(Pictures with short captions)
....
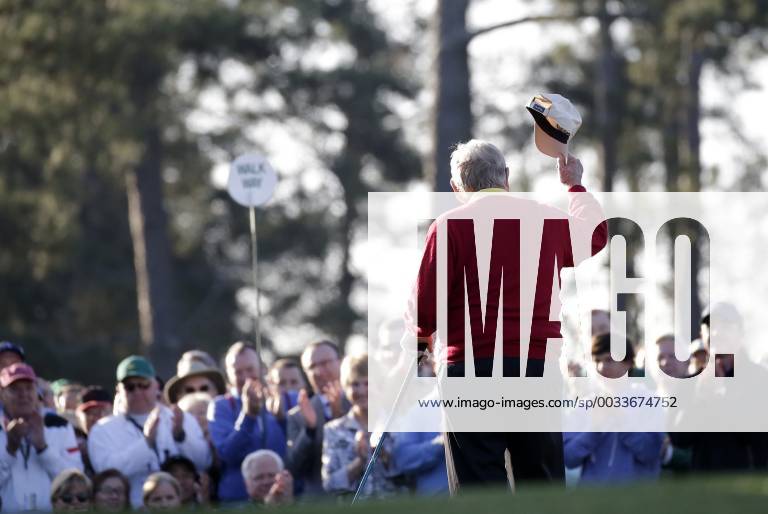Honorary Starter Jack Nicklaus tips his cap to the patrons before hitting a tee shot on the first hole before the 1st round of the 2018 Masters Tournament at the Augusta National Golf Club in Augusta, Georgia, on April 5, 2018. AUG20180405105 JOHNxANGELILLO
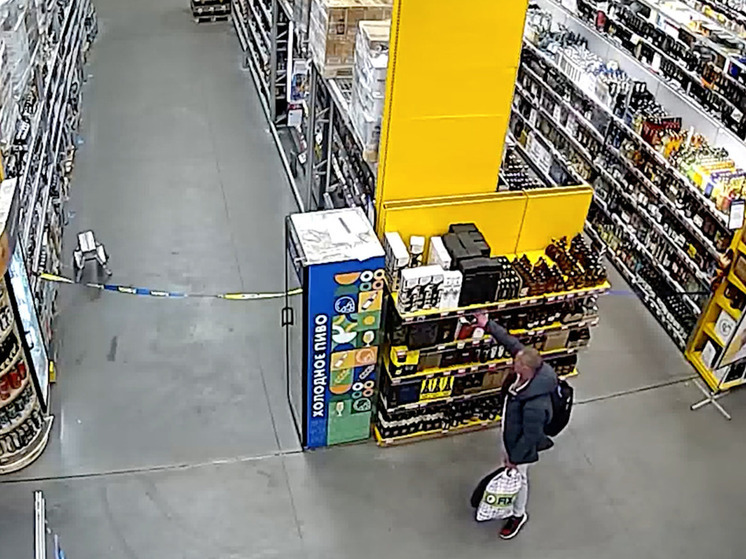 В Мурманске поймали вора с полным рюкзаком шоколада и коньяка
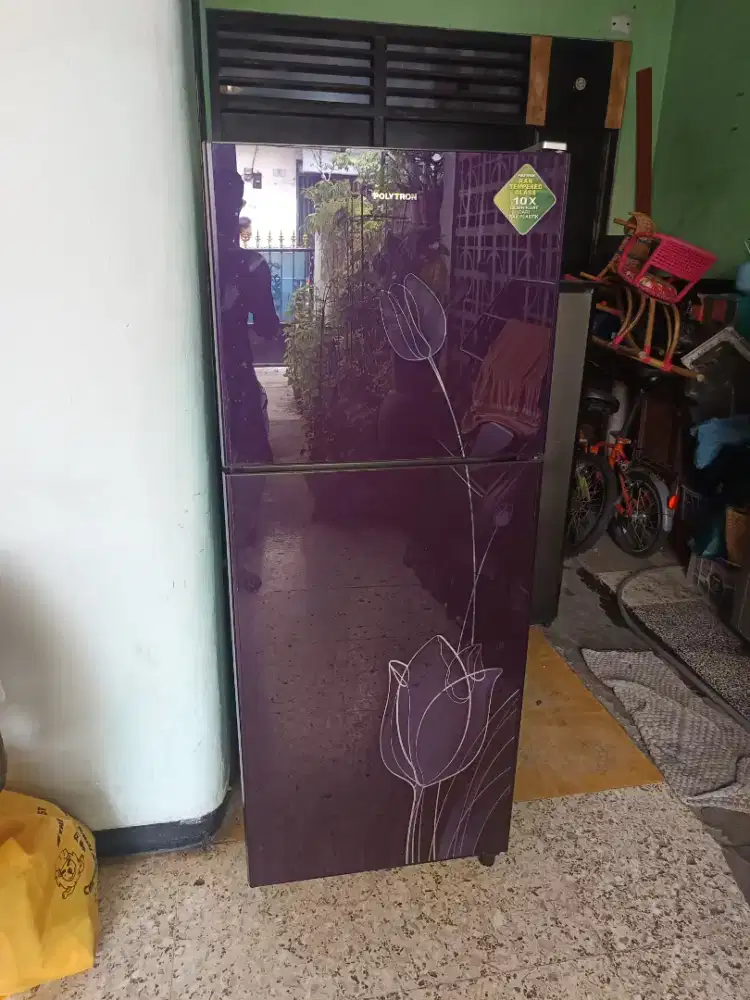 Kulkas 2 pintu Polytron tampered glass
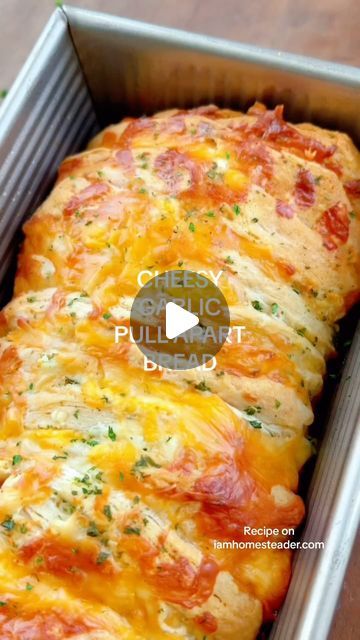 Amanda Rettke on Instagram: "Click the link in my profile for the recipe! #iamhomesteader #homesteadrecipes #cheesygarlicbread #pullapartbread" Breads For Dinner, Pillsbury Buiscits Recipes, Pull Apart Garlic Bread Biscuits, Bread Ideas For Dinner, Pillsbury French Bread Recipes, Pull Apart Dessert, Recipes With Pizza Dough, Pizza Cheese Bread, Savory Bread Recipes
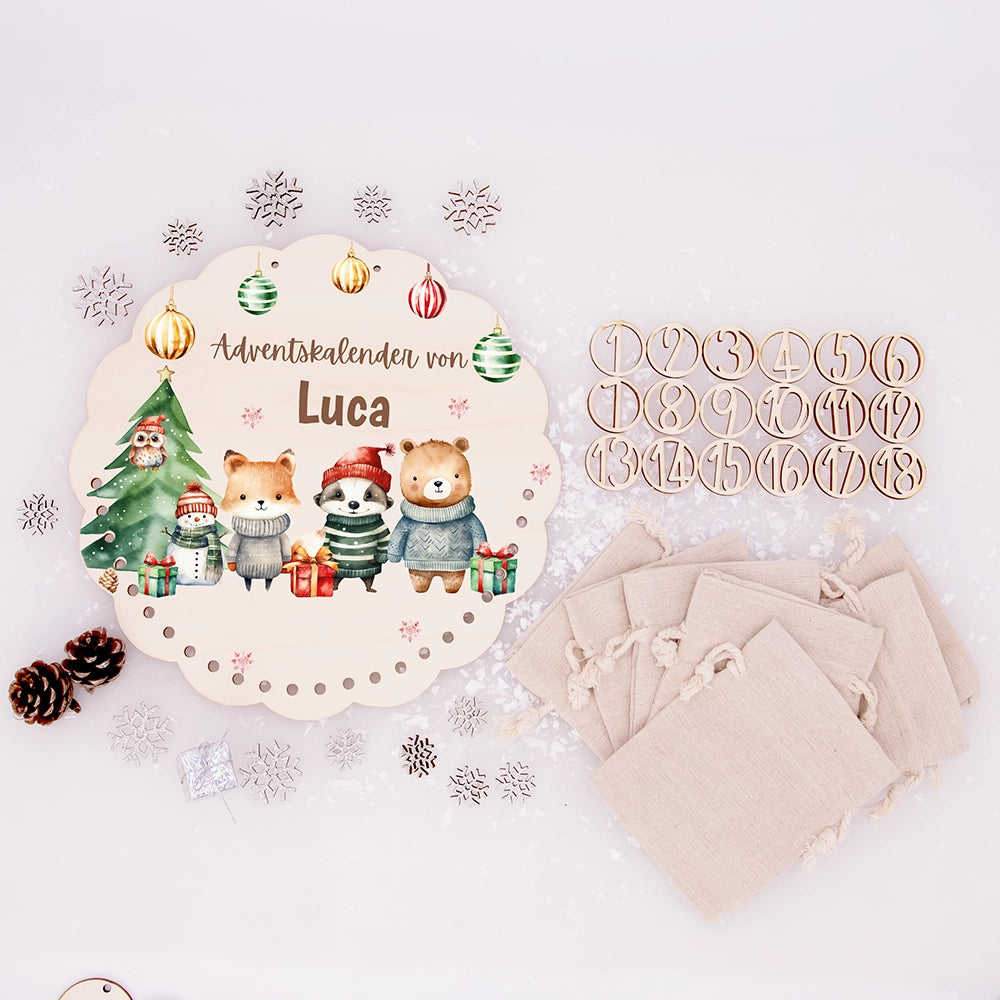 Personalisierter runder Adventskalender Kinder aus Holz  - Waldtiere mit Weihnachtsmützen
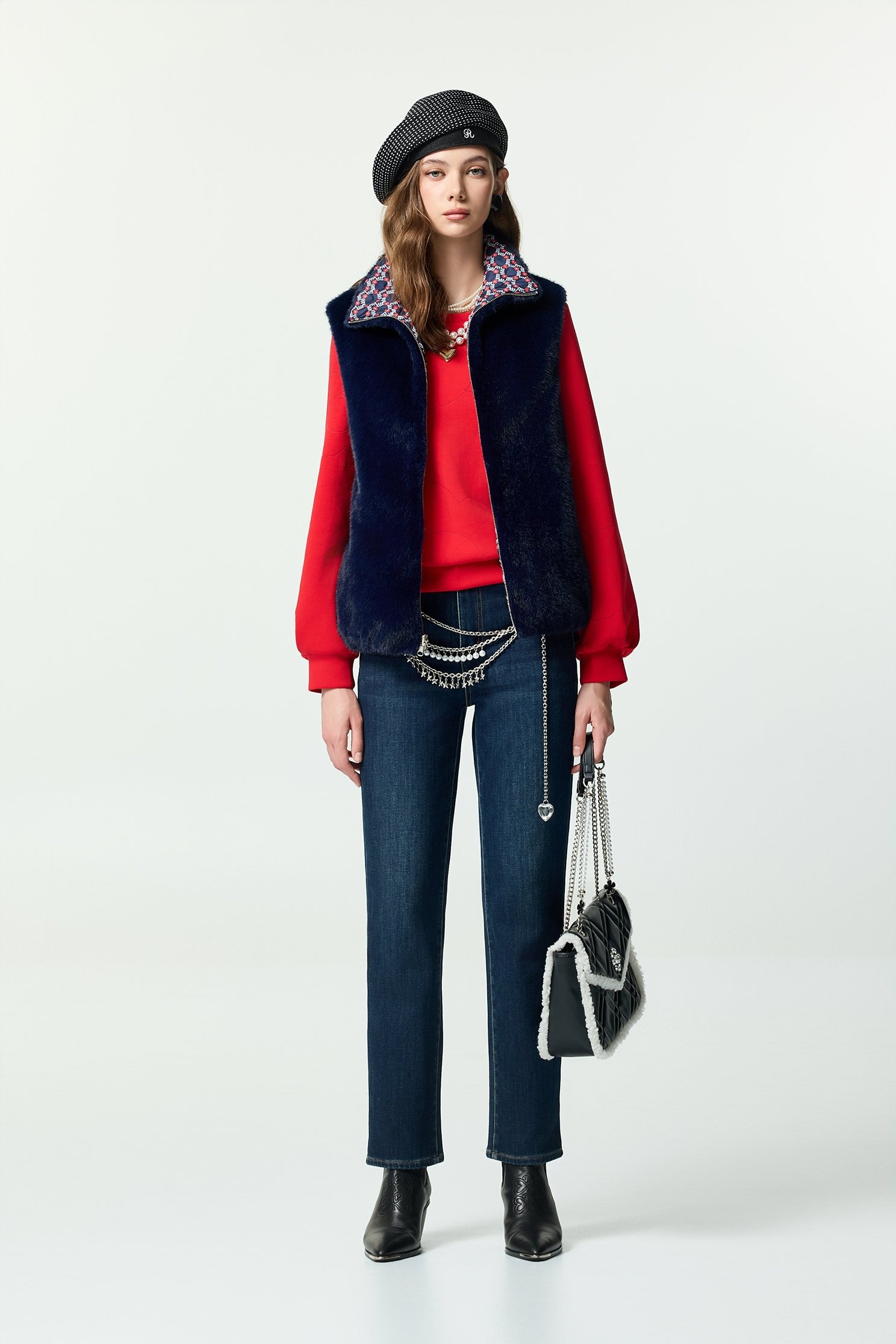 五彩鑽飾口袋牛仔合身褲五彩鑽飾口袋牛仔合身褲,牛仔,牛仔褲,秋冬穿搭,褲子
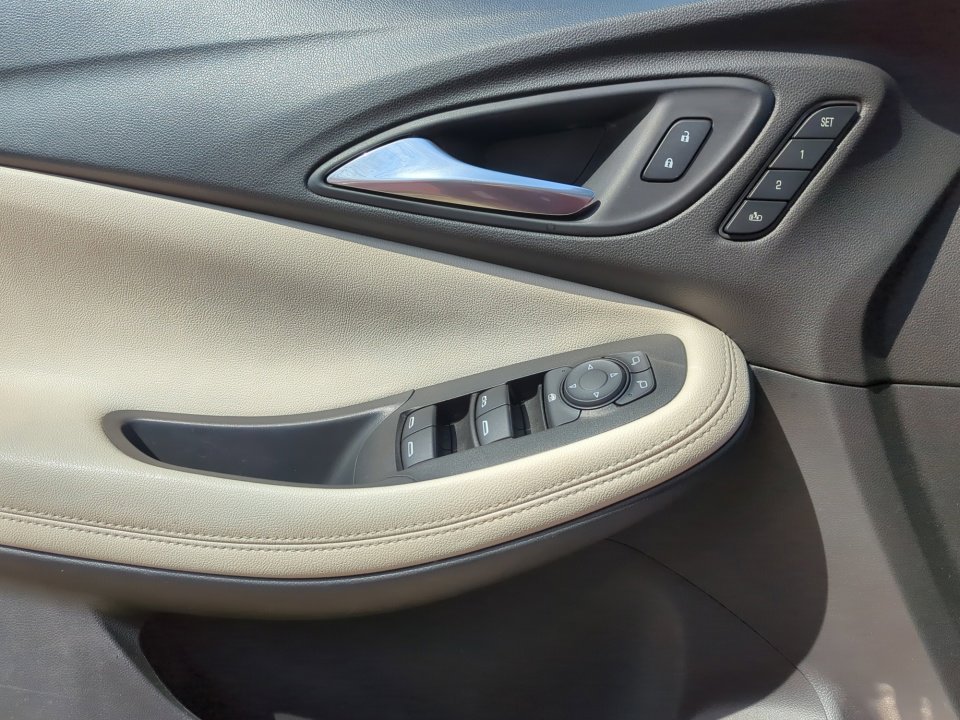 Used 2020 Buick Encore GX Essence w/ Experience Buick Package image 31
....
* _AIM OF THE TASK_:
Keep the pictures out of your copy, and repeat every entry above exactly.

* _TASK OUTPUT_:
Honorary Starter Jack Nicklaus tips his cap to the patrons before hitting a tee shot on the first hole before the 1st round of the 2018 Masters Tournament at the Augusta National Golf Club in Augusta, Georgia, on April 5, 2018. AUG20180405105 JOHNxANGELILLO
 В Мурманске поймали вора с полным рюкзаком шоколада и коньяка
 Kulkas 2 pintu Polytron tampered glass
 Amanda Rettke on Instagram: "Click the link in my profile for the recipe! #iamhomesteader #homesteadrecipes #cheesygarlicbread #pullapartbread" Breads For Dinner, Pillsbury Buiscits Recipes, Pull Apart Garlic Bread Biscuits, Bread Ideas For Dinner, Pillsbury French Bread Recipes, Pull Apart Dessert, Recipes With Pizza Dough, Pizza Cheese Bread, Savory Bread Recipes
 Personalisierter runder Adventskalender Kinder aus Holz  - Waldtiere mit Weihnachtsmützen
 五彩鑽飾口袋牛仔合身褲五彩鑽飾口袋牛仔合身褲,牛仔,牛仔褲,秋冬穿搭,褲子
 Used 2020 Buick Encore GX Essence w/ Experience Buick Package image 31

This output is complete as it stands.